Putin met with America’s new ambassador to Russia on Tuesday and audaciously ordered the U.S. to stay out of Russia’s domestic politics, making no mention of the controversy regarding his country’s interference in the U.S. presidential election. 

Putin told Ambassador Jon Huntsman that the current state of affairs between the U.S. and Russia was “below-satisfactory,” adding he hoped the two countries could rekindle relations on the basis of “equality, respect for national interests and noninterference with each other’s internal affairs,” The Moscow Times reports

The U.S. intelligence community definitively concluded Russia interfered in the presidential election—and found Putin was directly involved. So it is unclear how Huntsman was able to keep a straight face. But a video of the meeting showed Huntsman appearing cordial as he offered his credentials to Putin. 

The newly accredited ambassador takes his post when relations between the former foes are arguably at their lowest point since the Cold War. In the past several months, both countries have moved to expel diplomats and close diplomatic missions. 
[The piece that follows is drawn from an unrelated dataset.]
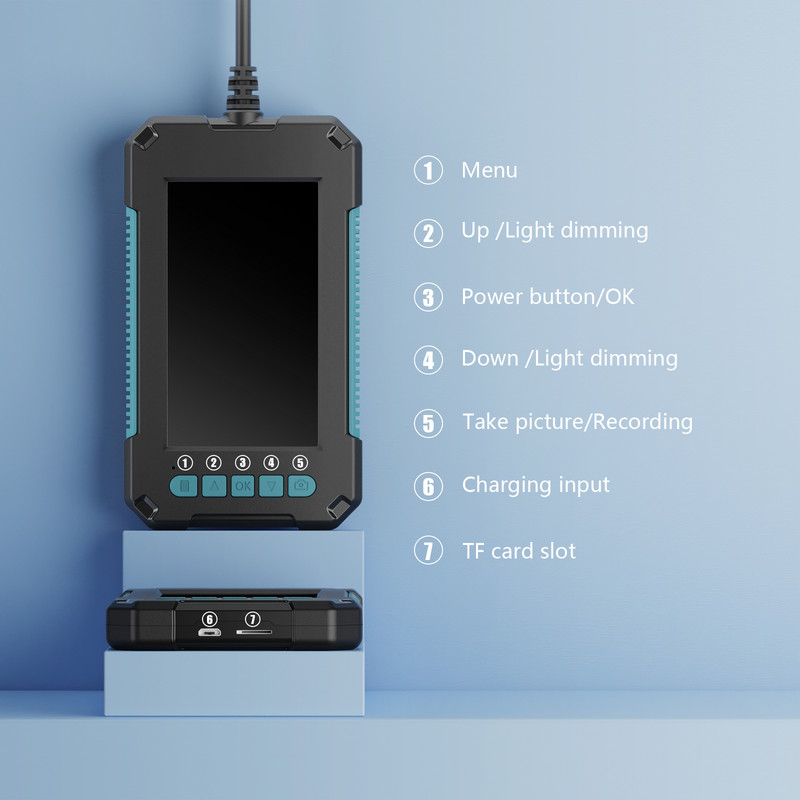 ENWOR Κάμερα ενδοσκοπίου με βιομηχανικό ενδοσκόπιο 4,3 ιντσών 3,9 χιλιοστών και διπλού φακού IP67 αδιάβροχο 1080P για έλεγχο αποχέτευσης αυτοκινήτου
“I look forward to working to rebuild trust between our two countries and to strengthening the bilateral relationship based on cooperation on common interests,” Huntsman said in a statement released after his meeting with Putin. 

Huntsman has taken up what is perhaps the most awkward post in Trump’s administration in the sense he must find a balance between dealing with the president’s unusual, ambivalent stance toward Putin while also avoiding the appearance of being weak on the Kremlin. 
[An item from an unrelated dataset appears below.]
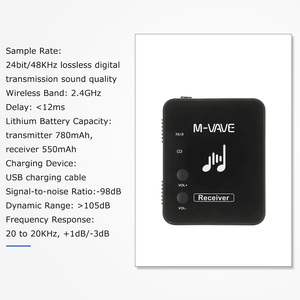 Receptor Inalámbrico <span class=keywords><strong>M</strong></span>-VAVE WP-10 de 2.4GHz, Receptor Recargable para Auriculares Inalámbricos, Sistema de Transmisión de Monitor - Product Image 4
President Donald Trump was quite soft on Putin throughout his campaign and has barely touched on issues like Russia’s annexation of Crimea or its domestic human rights—internal Russian issues that Putin would likely prefer to stay that way.
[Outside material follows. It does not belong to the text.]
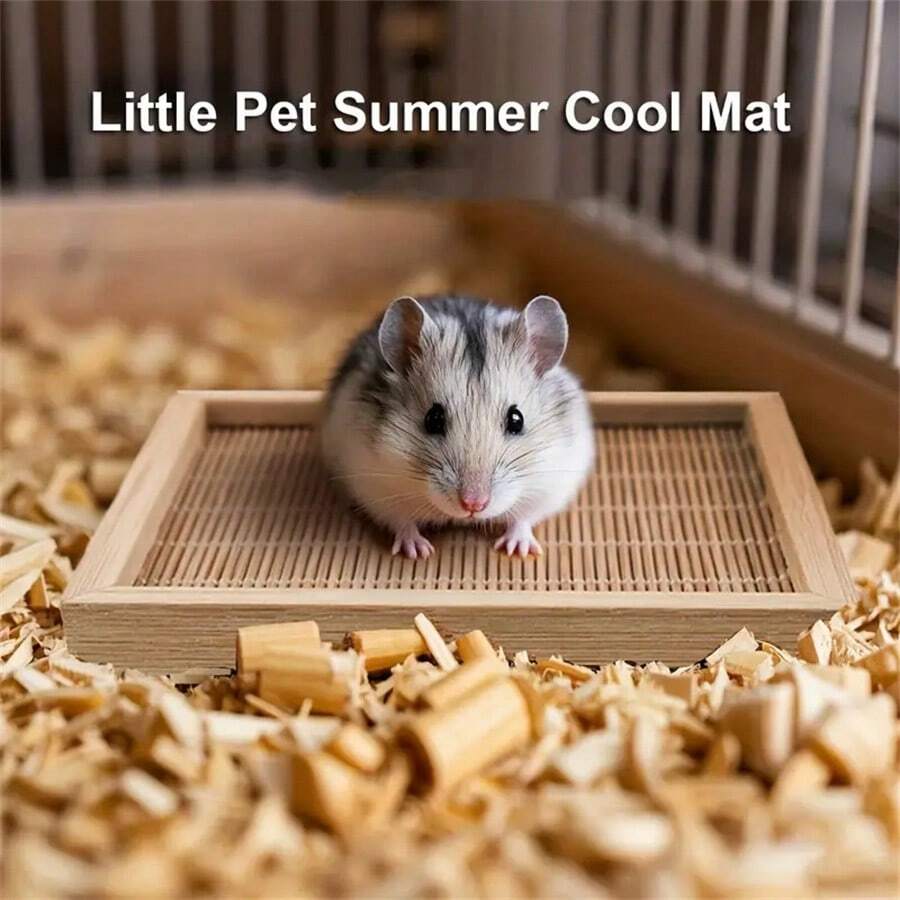 1 Pack Summer Hamster Cooling Pad, Guinea Pig & Teddy Plush Ice Bed, Bamboo Woven Square Small Pet Mat, Soft & Breathable, No-Assembly, For Small Pets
Since taking office, Trump has expressed doubts over Russian election interference, and he begrudgingly signed a bill imposing sanctions on the Kremlin in August. But members of Trump’s administration have accepted the findings of the intelligence community. 

“I am confident that the Russians meddled in this election, as is the entire intelligence community,” CIA Director Mike Pompeo said in July. “This threat is real. The U.S. government, including the Central Intelligence Agency, has to figure out a way to fight back against it and defeat it. And we’re intent upon doing that.”

Huntsman echoed these sentiments while appearing before Congress for his confirmation hearing on September 19. “There is no question that the Russian government interfered in the U.S. election last year,” he said, “and Moscow continues to meddle in the democratic processes of our friends and allies.”

During his confirmation hearing, Huntsman vowed to hold Russian officials accountable for their actions. But also expressed a desire to work with the Kremlin when appropriate, such as on the issue of North Korea’s nuclear program. 

Huntsman, a former governor of Utah, has twice served as an ambassador for the U.S.: in Singapore and then China. He was also reportedly under consideration to be Trump’s Secretary of State.

“Honored and humbled to serve our great country as U.S. Ambassador to Russia. Looking forward to joining America’s Embassy team in Moscow,” Huntsman tweeted on September 28.

That said, if Huntsman wants to set his calendar, Putin is up for re-election in March.